* [Supplied material]
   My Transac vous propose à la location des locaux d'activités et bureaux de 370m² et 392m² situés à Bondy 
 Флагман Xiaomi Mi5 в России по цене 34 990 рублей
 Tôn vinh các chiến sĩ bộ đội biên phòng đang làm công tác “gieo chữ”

* [Activity]
Retype every line above with nothing changed.

* [Solution to the problem]
   My Transac vous propose à la location des locaux d'activités et bureaux de 370m² et 392m² situés à Bondy 
 Флагман Xiaomi Mi5 в России по цене 34 990 рублей
 Tôn vinh các chiến sĩ bộ đội biên phòng đang làm công tác “gieo chữ”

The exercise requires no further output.